Erdem, Zülkarneyn’in doğu tarafında gitiği son ülkenin, dağları ve vadileri bulunmayan, fakat buna mukabil çöller gibi ıssız olmayıp üzerinde insanlar yaşayan düz bir yer olması gerektiğini düşünmüştür: “Bir yere güneşin doğduğu ülke denilmesi için, bu yerin kara parçasından ayrı ve gidilemeyen bir yer olması gerekir ki Bahreyn adası da Sümer-Akkad ülkesinin güneyindedir. Yakın doğu insanları, Arap yarımadasının doğusunda sahilden 24 km. mesafede bulunan, gözle görülen ve yeşilliği dahi farkedilebilen Bahreyn adasından güneşin doğuşuna şahit olunca, gidemedikleri bu yere “güneşin doğduyu yer” adını vermişlerdir. Yaklaşık 50 km. uzunluğu ve 17 km. genişliği olan Bahreyn adası, suya düşmüş yaprak gibidir. En yüksek yeri adanın tam ortasında bulunan sadece 134 m. Yüksekliğindeki Duhan tepesidir.”[10] Bahreyn adasında 150.000 tümülüs denen mezar binası bulunmaktadır. M.Ö. 2800-1800 yılları arasında yapıldıkları tahmin edilen bu mezar evlerdeki iskeletlerin büyük kısmı Bahreynliler’e ait değildir. % 20’si ise hiç mezar olarak kullanılmamıştır. İskeletler üzerinde yapılan araştırmalarda, bu insanların pek çoğunun cemiyet içerisinde yaşayamayacak derecede sakat ve hastalıklı olduklarını, ayrıca hemen hepsinin dişlerinin, fazla miktarda ağır tatlı yemeleri sonucunda tamamen çürümüş olduğunu ortaya koymuştur.[11] Arkeologlar, ölülerin cennet adası diye bilinmesinden ötürü adaya dışarıdan getirildiğini düşünmüşlerdir. Erdem’in kanaati, Gazzâlî’nin naklettiği Zülkarneyn kıssasına uygun olarak, bu adanın adeta cüzzamlılar vadisi gibi bir yer olduğu ve cemiyetlerinde tiksinilen, istenmeyen insanların oraya gönderildikleri şeklindedir.[12] Erdem’e göre, Naram-Sin, kimsenin mezarlarda yaşanmaya son verilmiştir.[13] Bu duruma göre, Kur’ân'daki tarife uyan hükümdar ancak Akad kralı Naramsin’dir.
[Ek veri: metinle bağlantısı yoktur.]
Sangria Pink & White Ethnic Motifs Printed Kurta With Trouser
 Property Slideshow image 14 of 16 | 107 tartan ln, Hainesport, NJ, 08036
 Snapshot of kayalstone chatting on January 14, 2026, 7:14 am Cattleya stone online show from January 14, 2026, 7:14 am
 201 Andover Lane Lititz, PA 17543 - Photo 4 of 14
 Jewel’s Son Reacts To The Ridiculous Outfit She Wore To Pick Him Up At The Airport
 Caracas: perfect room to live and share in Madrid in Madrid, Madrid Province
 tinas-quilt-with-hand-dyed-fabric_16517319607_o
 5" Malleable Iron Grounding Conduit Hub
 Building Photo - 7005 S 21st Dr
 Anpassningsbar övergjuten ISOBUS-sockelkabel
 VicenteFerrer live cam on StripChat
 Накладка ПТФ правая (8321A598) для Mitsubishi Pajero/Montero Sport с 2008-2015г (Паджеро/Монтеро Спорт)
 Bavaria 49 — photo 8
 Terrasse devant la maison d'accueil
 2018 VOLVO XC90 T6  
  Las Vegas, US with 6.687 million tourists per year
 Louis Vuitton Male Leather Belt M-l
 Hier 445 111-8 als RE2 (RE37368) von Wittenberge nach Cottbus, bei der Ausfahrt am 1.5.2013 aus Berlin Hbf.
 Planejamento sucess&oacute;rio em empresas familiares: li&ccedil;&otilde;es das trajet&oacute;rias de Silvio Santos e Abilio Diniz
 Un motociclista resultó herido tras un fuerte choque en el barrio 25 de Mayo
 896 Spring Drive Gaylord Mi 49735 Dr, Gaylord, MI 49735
Tarihi verilere baktığımızda, Akad Krallığının toprakları Asur krallığı gibi sınırlıdır. Dolayısıyla Zülkarneyn’in seferlerini gerçekleştirdiği, varılabilecek en son iki uç bölgeyi kapsayan fetihleri Naramsin de bulamamaktayız. Ayrıca Zülkarneyn’in büyük bir mücadele verdiği Ye’cûc ve Me’cûc konusu da bu görüş doğrultusunda açıklığa kavuşturulamamıştır.

[1] Hikaye şöyledir: “Zülkarneyn Kaf dağına gitti... o dağın saf zümrütten olduğunu gördü. Bütün alemi halka gibi çepeçevre çevirmişti... Zülkarneyn, o dağı görüp şaşırdı. Dedi ki: Sen dağsan öbür dağlar ne? Onlar senin yanında bir oyuncak adeta!  Kaf dağı dedi ki: O dağlar, benim damarlarımdır... onlar, güzellikte, alımda bana eş olmazlar. Benim her şehirde gizli bir damarım vardır... alemin çevresi damarlarıma bağlıdır. Tanrı, bir şehirde bir deprem yapmak isterse bana söyler, ben oraya varan damarı oynatırım. O şehre ulaşan damarı kahırla oynattım mı orada yer deprenir. Tanrı yeter deyince damarım yatışır... Durur görünürüm ama daima işteyim ben! Sakin gibi dururum ama hayli iş görürüm... akıl gibi hani; o da durur ama söz, ondan doğar, harekete gelir. Fakat bunu aklı kavramaya göre yer depremi yerdeki buharlardan olur. Bir karıncacık, kağıt üstünde kalemi gördü; bu sırrı bir başka karıncaya söyledi. Dedi ki: O kalem, kağıdı fesleğen, süsen ve gül bahçesi haline getirdi... acayip şekiller yaptı. O karınca, o sanatı yapan parmaklardır... şu kalem, yaptığı işte parmaklara tabidir, parmakların fer-i ve eseridir dedi.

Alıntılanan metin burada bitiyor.